The film steers away from Pratima Baruah’s personal life when she becomes an adult. Her childhood is briefly captured through edited shots of accompanying her father on hunts, horse-rides and one particularly good silhouetted shot of the singer captured from behind with the smoke of her cigarette billowing out in the air. She drank and smoked a lot but strangely, it did not affect her voice. For the melodious songs in the film, Bobby used “Pratima Baruah’s original tracks and all songs are sung by Pratima Baruah Pandey which I painstakingly collected from the All India Radio.”
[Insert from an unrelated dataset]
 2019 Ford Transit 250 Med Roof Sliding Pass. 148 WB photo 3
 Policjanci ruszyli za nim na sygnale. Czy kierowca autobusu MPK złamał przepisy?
This award comes at the end of a string of prestigious festival screenings such as Third Eye 12th Asian Film Festival, 2016, 18th Mumbai Film Festival, 2016, 22nd Kolkata International Film Festival, 2016, Best Audience Award at the 15th Dhaka International Film Festival, 2017, 6th Bengaluru International Film Festival, 2017, Berlinale in 2017 and official selection at the 6th Edition of the International Film Festival of South Asia — Toronto IFFSA, 2017. Bobby Sarma Baruah has a number of short films, documentaries, music videos and TV serials on various indigenous folk cultures blending into one, to her credit. She is also an accomplished poet and short story writer in Assamese language. She is currently pursuing her PhD on influence of folk culture of Assam on Assamese cinema.